Kitson P. Kelly avatar

A recovering 7 foot tall cactus

dojo/request

In the forthcoming Dojo Toolkit 1.8, the dojo/request package, written by Bryan Forbes, has some really “cool” features in my opinion. While the package “modernises” the Dojo IO/Request API, it also has some features that will really help end developers.

First, it is designed to Just Work™. It works in a browser environment or a node.js environment seamlessly. For example, if I wanted to load some JSON and do something with it, in a browser, I would do this:

require(["dojo/request"], function(request){
  request.get("some.json", {
    handleAs: "json"
  }.then(function(response){
    // response.data contains the parsed object
  });
});

But let’s say you were doing it on node.js. What would you need to do then? You wouldn’t do a thing. You would simply run your code with something like this node ./dojo/dojo.js load=example at a command line. dojo/request will automatically figure out what platform you are on and load the appropriate request provider for you.

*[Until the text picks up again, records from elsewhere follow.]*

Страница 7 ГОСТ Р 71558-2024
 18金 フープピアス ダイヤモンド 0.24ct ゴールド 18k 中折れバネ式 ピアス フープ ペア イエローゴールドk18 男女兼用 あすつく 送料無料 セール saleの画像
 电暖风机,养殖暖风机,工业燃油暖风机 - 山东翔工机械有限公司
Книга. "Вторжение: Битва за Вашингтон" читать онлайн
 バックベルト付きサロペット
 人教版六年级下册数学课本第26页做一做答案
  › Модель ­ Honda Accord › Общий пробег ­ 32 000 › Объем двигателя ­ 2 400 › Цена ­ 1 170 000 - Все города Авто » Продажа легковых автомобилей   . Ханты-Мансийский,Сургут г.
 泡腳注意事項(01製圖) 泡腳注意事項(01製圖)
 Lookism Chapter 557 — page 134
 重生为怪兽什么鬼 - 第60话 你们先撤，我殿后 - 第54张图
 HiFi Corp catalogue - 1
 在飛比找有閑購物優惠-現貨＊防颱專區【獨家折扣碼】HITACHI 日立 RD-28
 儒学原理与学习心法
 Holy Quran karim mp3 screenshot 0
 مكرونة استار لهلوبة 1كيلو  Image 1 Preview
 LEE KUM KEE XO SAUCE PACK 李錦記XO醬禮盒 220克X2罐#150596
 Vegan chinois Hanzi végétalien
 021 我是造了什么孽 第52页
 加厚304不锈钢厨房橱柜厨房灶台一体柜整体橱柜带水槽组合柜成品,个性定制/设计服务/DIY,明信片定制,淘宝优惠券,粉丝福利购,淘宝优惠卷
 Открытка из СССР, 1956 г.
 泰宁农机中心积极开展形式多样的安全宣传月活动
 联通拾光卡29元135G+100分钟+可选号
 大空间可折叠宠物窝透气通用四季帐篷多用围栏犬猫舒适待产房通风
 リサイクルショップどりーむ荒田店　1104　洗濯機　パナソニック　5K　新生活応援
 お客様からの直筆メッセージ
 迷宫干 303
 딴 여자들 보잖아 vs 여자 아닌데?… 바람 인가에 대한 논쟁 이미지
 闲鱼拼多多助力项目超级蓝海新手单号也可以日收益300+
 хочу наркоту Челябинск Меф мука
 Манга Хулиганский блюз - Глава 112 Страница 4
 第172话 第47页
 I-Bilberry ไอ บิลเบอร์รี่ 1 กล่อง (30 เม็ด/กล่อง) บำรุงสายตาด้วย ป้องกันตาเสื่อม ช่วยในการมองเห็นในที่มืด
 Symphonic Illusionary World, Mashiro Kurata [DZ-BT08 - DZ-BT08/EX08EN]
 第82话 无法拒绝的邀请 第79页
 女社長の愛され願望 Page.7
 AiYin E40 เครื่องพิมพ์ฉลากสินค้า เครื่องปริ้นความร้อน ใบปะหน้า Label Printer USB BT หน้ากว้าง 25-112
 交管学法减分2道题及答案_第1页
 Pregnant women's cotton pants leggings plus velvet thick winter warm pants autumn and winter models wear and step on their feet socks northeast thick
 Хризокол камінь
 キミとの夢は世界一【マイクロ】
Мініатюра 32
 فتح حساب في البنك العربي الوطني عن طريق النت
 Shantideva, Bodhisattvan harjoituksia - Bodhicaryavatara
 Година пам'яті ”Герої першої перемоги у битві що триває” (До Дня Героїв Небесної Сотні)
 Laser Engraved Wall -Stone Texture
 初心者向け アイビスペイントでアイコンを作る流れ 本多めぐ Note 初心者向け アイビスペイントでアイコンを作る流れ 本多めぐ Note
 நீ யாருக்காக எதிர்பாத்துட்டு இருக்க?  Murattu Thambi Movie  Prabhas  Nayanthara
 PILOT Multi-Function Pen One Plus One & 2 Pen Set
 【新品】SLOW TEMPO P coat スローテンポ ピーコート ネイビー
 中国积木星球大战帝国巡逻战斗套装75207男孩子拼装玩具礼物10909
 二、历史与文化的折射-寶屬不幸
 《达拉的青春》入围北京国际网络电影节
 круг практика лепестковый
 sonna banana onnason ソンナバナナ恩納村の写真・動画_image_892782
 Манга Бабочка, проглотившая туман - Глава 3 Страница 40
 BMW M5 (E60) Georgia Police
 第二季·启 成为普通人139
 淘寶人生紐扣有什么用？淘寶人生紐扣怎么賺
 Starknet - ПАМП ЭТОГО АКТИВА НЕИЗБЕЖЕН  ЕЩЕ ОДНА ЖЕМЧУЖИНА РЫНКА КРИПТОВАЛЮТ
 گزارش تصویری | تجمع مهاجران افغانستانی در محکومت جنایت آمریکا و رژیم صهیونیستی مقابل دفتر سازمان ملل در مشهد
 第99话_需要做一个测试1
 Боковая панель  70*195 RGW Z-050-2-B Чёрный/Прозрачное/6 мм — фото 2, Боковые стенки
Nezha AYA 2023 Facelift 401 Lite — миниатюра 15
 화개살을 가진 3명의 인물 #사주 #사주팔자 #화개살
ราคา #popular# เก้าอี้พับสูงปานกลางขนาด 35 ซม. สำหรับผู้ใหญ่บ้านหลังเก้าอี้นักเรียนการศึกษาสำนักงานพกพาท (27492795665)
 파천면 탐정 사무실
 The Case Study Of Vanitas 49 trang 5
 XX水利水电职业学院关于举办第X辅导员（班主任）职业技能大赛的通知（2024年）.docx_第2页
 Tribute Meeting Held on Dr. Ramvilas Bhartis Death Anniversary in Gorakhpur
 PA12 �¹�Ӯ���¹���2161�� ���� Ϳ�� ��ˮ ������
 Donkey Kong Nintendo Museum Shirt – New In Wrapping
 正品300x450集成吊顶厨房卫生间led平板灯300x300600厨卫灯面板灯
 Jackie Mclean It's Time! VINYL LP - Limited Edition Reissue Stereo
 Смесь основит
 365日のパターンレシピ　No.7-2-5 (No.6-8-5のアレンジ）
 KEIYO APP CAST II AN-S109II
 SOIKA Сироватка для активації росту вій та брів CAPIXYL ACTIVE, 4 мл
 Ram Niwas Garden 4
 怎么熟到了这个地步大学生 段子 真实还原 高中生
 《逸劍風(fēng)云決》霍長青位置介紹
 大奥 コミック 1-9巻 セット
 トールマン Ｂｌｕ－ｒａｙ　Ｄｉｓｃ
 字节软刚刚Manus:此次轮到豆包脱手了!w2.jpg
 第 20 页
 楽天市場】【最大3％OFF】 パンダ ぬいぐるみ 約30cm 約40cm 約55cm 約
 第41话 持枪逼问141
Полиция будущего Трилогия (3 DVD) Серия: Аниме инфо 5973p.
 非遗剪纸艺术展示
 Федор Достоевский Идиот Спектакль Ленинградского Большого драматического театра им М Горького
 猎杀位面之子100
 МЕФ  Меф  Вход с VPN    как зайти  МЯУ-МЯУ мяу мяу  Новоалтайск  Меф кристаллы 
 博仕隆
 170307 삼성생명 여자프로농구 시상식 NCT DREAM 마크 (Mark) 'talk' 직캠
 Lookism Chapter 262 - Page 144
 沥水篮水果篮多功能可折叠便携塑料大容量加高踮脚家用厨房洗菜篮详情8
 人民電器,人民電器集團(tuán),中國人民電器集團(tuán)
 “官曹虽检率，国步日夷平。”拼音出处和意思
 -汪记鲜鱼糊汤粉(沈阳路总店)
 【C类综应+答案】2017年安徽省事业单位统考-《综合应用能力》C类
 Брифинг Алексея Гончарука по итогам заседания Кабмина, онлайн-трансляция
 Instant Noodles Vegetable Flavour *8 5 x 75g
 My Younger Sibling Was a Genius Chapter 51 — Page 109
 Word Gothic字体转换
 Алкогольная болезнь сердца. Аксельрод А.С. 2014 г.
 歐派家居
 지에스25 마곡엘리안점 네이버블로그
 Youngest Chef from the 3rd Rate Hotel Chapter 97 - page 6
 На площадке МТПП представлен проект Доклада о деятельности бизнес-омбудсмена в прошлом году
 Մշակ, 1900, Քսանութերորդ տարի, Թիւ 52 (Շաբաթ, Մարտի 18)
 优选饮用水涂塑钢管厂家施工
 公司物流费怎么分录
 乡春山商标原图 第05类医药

The second “cool” feature in my opinion is the ability to use the dojo/request/registry to “transparently” manage multiple request providers without having to worry about which one you are specifically using. Just set it up and fire your requests away. For example, take the situation that I would like to use JSONP some of the time and JSON the rest of the time (maybe I have a x-domain service where I have to use JSONP instead of just plain JSON). Well, in order to do that, I would need to use dojo/request/script to get the JSONP, but I couldn’t use it to just fetch plain JSON and want to use dojo/request/xhr (which is the default provider for browsers). In order to do that, I would do something like this:

require(
  ["dojo/request/registry", "dojo/request/script"],
  function (request, script) {
    // Use a RegEx so that anything that ends with *.jsonp.js uses the
    // dojo/request/script provider
    request.register(/\.jsonp\.js$/i, script);

    // Now just make my requests like normal
    request.get("http://example.com/some.jsonp.js").then(function (response) {
      // Will use the script provider
    });

    request.get("some.json").then(function (response) {
      // Will use the platform default provider (dojo/request/xhr)
    });
  },
);

Lastly, maybe I have some strange, bizarre encoding (or maybe I need to do some pre-transforms on my JSON or XML to properly convert them into objects). Using dojo/request/handlers, I can add to the pre-existing handlers with my own, and then can use the handleAs property to to utilise my custom handler:

require(
  ["dojo/request/handlers", "dojo/request"],
  function (handlers, request) {
    handlers.register("custom", function (response) {
      // Now I do my custom handling of the response
      // returning whatever response.data should be:
      return something;
    });

    // Now I can use my customer handler
    request.get("something.odd", {
      handleAs: "custom",
    }).then(function (response) {
      // Now response.data will be whatever my handler returned
    });
  },
);

So while, Dojo Toolkit 1.8 will be a “stepping stone” to Dojo Toolkit 2.0, there are some really cool features that you can use now.